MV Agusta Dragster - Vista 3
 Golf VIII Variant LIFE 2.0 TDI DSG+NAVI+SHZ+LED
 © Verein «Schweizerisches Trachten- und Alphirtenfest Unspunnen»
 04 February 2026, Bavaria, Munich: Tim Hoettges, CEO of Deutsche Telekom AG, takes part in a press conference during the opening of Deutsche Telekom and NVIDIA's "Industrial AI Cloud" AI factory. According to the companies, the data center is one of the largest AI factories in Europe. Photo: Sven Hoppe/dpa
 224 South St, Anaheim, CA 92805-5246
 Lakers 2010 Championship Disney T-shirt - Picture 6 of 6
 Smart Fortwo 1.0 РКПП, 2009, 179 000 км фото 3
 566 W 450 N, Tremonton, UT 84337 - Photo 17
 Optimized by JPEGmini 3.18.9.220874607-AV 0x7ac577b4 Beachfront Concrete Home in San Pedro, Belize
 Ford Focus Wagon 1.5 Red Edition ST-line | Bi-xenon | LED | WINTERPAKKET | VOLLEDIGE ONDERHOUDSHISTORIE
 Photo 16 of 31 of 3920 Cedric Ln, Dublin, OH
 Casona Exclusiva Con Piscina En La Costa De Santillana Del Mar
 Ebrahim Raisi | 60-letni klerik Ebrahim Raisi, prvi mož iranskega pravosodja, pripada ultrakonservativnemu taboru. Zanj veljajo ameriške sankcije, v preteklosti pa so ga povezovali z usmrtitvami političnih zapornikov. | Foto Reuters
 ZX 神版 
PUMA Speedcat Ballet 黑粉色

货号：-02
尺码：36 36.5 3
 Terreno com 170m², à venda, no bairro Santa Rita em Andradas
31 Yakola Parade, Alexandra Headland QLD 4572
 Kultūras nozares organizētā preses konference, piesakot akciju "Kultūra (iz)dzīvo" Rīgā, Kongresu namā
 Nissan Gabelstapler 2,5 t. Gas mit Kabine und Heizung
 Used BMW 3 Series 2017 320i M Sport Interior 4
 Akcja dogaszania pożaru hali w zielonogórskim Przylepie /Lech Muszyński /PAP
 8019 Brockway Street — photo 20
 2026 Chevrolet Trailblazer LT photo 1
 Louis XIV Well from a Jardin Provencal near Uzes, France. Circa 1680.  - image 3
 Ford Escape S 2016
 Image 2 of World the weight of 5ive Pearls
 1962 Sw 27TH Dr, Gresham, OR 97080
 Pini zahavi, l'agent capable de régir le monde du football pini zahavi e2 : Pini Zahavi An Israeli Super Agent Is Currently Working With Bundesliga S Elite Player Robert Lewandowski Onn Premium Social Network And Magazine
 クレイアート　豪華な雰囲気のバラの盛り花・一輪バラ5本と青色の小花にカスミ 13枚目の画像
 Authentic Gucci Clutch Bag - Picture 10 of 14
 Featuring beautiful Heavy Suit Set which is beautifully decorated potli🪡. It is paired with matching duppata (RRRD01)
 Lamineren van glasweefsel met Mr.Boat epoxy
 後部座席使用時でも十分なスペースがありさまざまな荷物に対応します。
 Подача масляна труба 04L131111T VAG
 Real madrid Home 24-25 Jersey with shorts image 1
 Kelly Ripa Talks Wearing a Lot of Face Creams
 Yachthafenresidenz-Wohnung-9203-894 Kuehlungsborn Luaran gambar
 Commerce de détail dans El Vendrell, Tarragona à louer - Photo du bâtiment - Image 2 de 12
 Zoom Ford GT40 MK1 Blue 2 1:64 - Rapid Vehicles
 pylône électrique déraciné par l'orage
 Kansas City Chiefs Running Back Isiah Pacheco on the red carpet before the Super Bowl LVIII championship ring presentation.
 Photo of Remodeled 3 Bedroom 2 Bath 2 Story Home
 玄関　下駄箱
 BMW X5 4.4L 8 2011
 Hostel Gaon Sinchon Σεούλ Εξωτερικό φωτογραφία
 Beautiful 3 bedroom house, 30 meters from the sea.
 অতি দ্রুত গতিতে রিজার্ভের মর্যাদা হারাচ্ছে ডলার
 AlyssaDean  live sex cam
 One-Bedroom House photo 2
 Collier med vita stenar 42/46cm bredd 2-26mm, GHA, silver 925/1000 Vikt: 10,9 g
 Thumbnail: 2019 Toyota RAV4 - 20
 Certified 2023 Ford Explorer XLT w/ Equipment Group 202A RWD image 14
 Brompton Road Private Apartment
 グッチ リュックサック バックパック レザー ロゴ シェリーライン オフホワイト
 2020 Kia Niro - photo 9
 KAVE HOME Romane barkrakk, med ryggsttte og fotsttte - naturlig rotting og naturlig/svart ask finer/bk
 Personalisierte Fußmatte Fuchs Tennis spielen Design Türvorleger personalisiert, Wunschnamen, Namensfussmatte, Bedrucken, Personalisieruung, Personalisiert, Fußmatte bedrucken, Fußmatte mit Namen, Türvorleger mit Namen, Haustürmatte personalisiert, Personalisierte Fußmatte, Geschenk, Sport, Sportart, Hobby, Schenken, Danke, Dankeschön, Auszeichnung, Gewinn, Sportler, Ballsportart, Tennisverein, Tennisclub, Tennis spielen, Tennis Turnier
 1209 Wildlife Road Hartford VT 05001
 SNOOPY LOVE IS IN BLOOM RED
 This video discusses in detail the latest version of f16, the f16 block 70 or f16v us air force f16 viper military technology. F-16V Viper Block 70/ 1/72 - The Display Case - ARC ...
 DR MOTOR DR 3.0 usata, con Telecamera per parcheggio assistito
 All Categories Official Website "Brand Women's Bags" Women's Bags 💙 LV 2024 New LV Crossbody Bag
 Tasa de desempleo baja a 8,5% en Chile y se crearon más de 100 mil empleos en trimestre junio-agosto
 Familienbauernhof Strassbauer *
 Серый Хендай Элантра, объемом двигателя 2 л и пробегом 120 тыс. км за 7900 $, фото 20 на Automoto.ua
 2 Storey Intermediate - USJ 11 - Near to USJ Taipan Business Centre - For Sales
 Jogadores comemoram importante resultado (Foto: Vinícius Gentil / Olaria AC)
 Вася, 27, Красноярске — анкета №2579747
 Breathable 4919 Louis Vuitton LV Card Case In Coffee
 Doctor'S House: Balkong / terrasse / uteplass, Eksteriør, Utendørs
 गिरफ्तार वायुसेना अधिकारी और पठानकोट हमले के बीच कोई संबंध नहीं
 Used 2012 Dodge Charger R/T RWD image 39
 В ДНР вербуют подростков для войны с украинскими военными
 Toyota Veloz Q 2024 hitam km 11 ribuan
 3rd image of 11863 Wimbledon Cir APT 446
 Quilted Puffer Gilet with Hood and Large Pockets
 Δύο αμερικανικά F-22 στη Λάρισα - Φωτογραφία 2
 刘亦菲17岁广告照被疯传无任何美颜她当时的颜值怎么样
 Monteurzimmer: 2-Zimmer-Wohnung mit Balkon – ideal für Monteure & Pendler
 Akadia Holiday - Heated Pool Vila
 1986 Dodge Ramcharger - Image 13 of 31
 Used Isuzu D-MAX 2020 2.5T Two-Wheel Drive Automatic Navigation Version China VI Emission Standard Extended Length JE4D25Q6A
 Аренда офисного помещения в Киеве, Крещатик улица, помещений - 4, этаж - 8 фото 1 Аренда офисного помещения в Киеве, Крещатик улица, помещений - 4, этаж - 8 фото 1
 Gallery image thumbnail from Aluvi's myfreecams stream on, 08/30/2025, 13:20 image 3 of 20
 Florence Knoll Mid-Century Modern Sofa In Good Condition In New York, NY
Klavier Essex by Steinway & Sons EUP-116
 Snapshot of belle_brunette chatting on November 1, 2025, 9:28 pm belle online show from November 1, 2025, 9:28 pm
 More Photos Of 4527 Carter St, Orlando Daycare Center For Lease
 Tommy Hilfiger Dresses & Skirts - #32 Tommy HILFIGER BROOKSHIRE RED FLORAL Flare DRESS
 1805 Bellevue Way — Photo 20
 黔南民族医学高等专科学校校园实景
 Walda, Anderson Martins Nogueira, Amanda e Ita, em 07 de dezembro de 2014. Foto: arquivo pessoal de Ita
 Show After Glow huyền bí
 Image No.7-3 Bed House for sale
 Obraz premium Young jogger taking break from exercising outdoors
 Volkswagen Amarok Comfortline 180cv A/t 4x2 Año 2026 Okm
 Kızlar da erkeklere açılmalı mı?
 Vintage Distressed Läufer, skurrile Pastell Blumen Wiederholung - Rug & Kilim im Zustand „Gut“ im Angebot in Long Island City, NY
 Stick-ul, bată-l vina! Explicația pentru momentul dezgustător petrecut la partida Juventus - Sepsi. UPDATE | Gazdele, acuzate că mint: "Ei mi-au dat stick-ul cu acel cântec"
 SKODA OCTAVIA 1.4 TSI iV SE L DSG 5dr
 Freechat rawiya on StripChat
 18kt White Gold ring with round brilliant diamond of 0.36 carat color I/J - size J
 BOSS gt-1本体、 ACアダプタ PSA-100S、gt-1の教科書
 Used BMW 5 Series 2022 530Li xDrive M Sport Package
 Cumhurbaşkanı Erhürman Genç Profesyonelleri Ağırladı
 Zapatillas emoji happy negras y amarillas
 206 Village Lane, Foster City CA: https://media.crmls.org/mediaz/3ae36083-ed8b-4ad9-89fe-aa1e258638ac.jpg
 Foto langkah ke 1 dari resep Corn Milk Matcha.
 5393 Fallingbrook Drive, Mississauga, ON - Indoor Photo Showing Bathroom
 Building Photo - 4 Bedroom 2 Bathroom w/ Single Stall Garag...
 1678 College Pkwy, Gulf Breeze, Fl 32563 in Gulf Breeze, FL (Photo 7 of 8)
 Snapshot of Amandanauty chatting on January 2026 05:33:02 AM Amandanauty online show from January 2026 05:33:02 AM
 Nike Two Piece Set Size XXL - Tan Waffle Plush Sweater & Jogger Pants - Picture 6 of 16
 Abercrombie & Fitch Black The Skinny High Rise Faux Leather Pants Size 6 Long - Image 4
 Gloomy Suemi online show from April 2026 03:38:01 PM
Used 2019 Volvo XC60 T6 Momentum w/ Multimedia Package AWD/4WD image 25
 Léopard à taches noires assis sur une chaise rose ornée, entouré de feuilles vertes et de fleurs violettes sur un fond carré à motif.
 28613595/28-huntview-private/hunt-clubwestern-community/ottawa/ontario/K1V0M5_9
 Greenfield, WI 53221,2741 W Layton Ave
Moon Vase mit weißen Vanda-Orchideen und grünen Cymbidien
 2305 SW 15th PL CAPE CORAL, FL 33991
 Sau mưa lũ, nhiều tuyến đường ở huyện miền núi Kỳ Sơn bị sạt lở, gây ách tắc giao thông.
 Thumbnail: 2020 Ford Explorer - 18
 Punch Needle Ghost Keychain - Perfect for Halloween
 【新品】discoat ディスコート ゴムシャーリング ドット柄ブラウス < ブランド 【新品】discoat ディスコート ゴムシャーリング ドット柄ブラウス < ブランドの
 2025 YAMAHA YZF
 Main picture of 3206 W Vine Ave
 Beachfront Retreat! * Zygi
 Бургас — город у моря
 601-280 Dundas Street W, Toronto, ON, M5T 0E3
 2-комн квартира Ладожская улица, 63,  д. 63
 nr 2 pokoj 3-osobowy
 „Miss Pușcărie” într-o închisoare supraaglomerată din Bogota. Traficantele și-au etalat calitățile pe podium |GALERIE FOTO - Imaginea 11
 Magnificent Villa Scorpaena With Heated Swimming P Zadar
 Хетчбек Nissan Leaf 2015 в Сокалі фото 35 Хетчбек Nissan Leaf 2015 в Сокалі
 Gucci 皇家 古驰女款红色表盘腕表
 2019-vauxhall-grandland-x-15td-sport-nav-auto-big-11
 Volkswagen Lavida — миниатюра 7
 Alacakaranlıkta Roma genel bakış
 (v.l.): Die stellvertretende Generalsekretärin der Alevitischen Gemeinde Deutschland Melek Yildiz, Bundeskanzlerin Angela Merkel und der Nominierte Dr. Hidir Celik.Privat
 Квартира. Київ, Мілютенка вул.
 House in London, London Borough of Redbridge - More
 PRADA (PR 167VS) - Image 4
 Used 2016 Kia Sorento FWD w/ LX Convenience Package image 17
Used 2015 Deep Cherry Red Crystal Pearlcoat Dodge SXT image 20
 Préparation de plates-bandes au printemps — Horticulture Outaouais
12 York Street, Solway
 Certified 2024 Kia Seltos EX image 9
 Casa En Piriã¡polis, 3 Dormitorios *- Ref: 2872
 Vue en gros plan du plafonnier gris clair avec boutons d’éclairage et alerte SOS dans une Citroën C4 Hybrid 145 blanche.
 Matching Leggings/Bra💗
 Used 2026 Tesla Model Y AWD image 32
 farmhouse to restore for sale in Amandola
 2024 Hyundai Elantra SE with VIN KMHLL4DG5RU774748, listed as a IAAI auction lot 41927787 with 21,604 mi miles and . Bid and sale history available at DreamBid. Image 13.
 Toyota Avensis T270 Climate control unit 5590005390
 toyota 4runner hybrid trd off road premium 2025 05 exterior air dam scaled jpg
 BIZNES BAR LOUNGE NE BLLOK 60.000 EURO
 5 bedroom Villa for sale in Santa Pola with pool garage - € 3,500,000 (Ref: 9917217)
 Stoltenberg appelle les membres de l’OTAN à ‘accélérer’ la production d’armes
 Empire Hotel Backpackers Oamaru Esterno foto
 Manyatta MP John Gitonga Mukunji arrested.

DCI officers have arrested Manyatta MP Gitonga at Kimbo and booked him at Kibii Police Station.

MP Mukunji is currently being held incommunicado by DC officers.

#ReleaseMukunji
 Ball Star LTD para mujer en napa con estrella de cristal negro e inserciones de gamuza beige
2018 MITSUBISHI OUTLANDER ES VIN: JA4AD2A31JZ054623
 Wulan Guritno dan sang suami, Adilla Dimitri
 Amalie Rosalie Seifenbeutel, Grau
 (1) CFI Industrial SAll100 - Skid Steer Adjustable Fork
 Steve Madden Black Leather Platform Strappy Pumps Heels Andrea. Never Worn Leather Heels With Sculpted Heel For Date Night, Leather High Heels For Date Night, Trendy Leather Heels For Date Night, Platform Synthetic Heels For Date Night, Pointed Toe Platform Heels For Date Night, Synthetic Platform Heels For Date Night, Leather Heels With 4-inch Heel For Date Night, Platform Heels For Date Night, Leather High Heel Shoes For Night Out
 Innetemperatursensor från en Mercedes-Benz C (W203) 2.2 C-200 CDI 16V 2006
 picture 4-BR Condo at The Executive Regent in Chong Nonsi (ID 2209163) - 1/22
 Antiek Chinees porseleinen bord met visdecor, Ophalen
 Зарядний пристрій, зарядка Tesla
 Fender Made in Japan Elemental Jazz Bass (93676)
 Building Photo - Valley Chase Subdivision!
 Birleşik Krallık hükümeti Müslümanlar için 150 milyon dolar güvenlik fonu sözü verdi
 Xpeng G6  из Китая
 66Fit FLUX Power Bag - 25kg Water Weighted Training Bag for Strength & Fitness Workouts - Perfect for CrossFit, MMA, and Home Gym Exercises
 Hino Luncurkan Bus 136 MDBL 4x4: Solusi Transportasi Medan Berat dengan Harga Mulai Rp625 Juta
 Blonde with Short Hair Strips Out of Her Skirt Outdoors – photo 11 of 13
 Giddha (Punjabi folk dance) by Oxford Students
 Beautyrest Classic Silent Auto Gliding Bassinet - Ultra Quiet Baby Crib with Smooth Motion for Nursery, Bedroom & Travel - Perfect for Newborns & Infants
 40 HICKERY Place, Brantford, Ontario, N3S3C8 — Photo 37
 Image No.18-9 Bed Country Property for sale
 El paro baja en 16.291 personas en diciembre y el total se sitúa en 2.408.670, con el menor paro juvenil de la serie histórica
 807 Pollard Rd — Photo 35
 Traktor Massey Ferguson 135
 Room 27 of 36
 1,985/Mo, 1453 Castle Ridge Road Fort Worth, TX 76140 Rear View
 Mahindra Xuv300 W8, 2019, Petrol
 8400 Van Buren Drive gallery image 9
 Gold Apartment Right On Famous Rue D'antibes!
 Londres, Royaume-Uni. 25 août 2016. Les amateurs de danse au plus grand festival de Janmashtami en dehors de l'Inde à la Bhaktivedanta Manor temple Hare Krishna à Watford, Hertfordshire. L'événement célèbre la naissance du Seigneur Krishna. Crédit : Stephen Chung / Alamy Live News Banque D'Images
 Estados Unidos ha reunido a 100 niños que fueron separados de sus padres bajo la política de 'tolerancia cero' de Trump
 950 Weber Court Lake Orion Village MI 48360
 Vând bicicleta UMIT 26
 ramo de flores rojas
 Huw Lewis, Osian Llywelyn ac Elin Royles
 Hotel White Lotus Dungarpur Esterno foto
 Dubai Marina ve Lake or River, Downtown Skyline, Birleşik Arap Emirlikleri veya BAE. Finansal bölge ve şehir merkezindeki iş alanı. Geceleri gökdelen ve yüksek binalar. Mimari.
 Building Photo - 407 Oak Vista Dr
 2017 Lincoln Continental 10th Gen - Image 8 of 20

--------------------------------

* _TASK DIRECTIONS_
Of the entries above, transcribe exactly those lines that fall between the line containing "1,985/Mo, 1453 Castle" and the line containing "Estados Unidos ha", together with those two lines.

* _ANSWER SECTION_
 1,985/Mo, 1453 Castle Ridge Road Fort Worth, TX 76140 Rear View
 Mahindra Xuv300 W8, 2019, Petrol
 8400 Van Buren Drive gallery image 9
 Gold Apartment Right On Famous Rue D'antibes!
 Londres, Royaume-Uni. 25 août 2016. Les amateurs de danse au plus grand festival de Janmashtami en dehors de l'Inde à la Bhaktivedanta Manor temple Hare Krishna à Watford, Hertfordshire. L'événement célèbre la naissance du Seigneur Krishna. Crédit : Stephen Chung / Alamy Live News Banque D'Images
 Estados Unidos ha reunido a 100 niños que fueron separados de sus padres bajo la política de 'tolerancia cero' de Trump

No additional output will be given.